What’s up with waveform-based VGGs?5 min read

In this series of posts I have written a couple of articles discussing the pros & cons of spectrogram-based VGG architectures, to think about which is the role of the computer vision deep learning architectures in the audio field. Now is time to discuss what’s up with waveform-based VGGs!

In these posts I’m centering the discussion around the VGG model — which is a computer vision architecture that is widely used by audio researchers. In short, VGGs are conformed by a deep stack of very small filters combined with max pooling.

The main difference between spectrogram and waveform-based VGGs is that the former performs 2D convolutions (across time and frequency), while the latter performs 1D convolutions (across time). Another difference is that waveform-based models do not discard the phase. Instead, they use the raw signal as it is. If this is an advantage or not, this still has to be determined for many tasks!

In previous posts I have explained how to use domain knowledge to improve the efficiency and performance of spectrogram-based models, and I also pointed that people use spectrogram-based VGGs because these are very flexible — basically, these are not constrained by any domain knowledge. In other words: I exposed the never-ending discussion of using domain knowledge or not when designing data driven models.

Interestingly, waveform-based deep learning researchers are also diving into this discussion. Some have found very promising results when using VGGs, but some others have found interesting results when using domain knowledge. However, the literature is far from being conclusive. Possibly because these works are relatively new, there are no independent meta-studies comparing these architectures across several datasets.

Why can waveform-based VGGs rock?

It is important to remark that waveforms are high-dimensional and very variable. That’s why, historically, the audio community did not succeed in building successful systems that were directly approaching the raw waveform.

Just because waveforms are unintuitive and hard to approach, it possibly makes sense to tackle this problem without utilizing any domain knowledge. If it’s hard to think how to properly approach the task, why not learn it all from data? Accordingly, then, it could make sense to use VGG-like models to this end — since these are not constrained by any design strategy relying on domain knowledge, and are therefore highly expressive and have a huge capacity to learn from data.

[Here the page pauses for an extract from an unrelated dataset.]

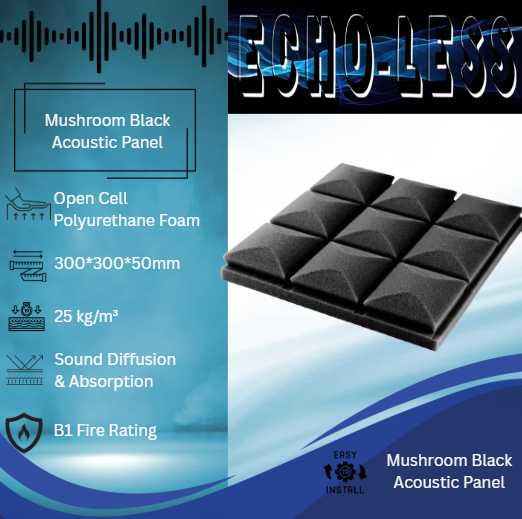 Echo-Less Mushroom Acoustic Foam Panels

Besides, VGG models are constructed via stacking CNN layers having small filters. As a consequence of using small filters, the possibility of learning the same representation at different phases is significantly reduced. In addition, the interleaved max-pooling layers further reinforce phase invariance.

As seen, it does not seem a bad idea to use waveform-based VGGs. Differently to the spectrogram case, when dealing with waveform-based models, we have no clear intuitions in how to build our models. As a consequence of that, people started designing waveform-based VGG-like models — that do not rely on any domain expertise for their design. Instead, they rely on a set of very small filters that can be hierarchically combined to learn any useful structure. Some of these architectures are the Wavenet, the sampleCNN, a squeeze-and-excitation extension of it, or a ResNet adaptation for audio.

Let’s use domain knowledge to design waveform front-ends!

Although some researchers think that utilizing no domain knowledge is the way to go for waveform-based models, some others think the contrary.

All waveform-based models designed considering domain knowledge depart from the same observation: end-to-end neural networks learn frequency selective filters in the first layers. If these have to learn time-frequency decompositions, what if we already tailor the network towards learning that? Maybe, in that way, one can achieve better results than when using VGG-like models.

One first attempt towards that was to use filters that are as long as the window length in an STFT (e.g., filter length of 512 with a stride of 256). If this setup works nicely to decompose signals into sinusoidal basis with the STFT, maybe it can also work to facilitate learning frequency selective filters in a CNN!

Later, a multiscale CNN front-end was proposed — which is composed of concatenated feature maps resulting of CNNs having different filter sizes (e.g., filter lengths of 512, 256 and 128 with a stride of 64). They found that these different filters naturally learn the frequencies they can most efficiently represent, with large and small filters learning low and high frequencies respectively. This contrasts with STFT-inspired CNNs which try to cover the entire frequency spectrum with a single filter size.

Or recently, a waveform-based front-end based on parametrized sinc functions (that implements band-pass filters) was proposed: the SincNet. With just two learnable parameters in each of its first layer filters’, SincNet can outperform an STFT-inspired CNN for waveforms — and even a spectrogram-based CNN!

So.. what?

Although some anecdotal meta-studies exist, given that we are in the early ages of this research area, it’s hard to tell which architectures are going to prevail in the long run. For the moment, some influent ideas were presented and now is time for the community to experiment with those.

While the highly expressive waveform-based VGG models might be capable when training data are abundant, domain knowledge based models might have more chances when data are scarce — just because the number of parameters of the model can be dramatically reduced, like with SincNet. Time will tell!